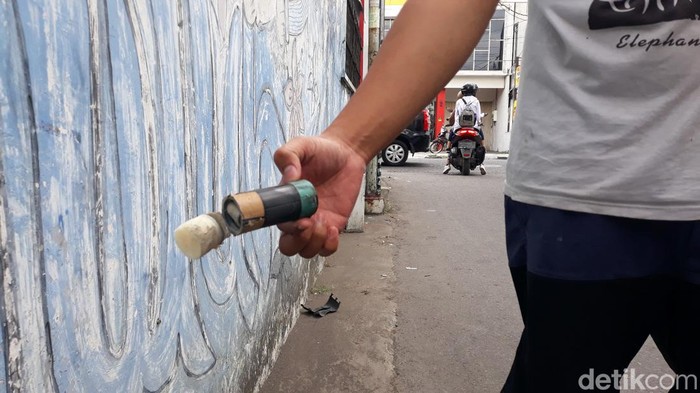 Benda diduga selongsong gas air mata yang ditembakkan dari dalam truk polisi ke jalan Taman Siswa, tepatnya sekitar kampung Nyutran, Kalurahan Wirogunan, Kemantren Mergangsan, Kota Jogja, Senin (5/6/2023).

...

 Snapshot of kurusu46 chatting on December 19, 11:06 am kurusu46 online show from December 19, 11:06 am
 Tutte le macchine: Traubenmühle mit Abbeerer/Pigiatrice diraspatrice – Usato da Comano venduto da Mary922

---

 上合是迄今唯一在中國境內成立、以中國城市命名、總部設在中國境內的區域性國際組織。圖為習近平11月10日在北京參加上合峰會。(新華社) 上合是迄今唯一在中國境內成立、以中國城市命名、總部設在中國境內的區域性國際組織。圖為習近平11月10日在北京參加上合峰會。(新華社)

=== WHAT IS REQUIRED ===
A word-for-word copy of the lines above from the one with "Snapshot of kurusu46" through the one with "Tutte le macchine: Traubenmühle", inclusive, is the only output wanted.

=== ANSWER SPACE ===
 Snapshot of kurusu46 chatting on December 19, 11:06 am kurusu46 online show from December 19, 11:06 am
 Tutte le macchine: Traubenmühle mit Abbeerer/Pigiatrice diraspatrice – Usato da Comano venduto da Mary922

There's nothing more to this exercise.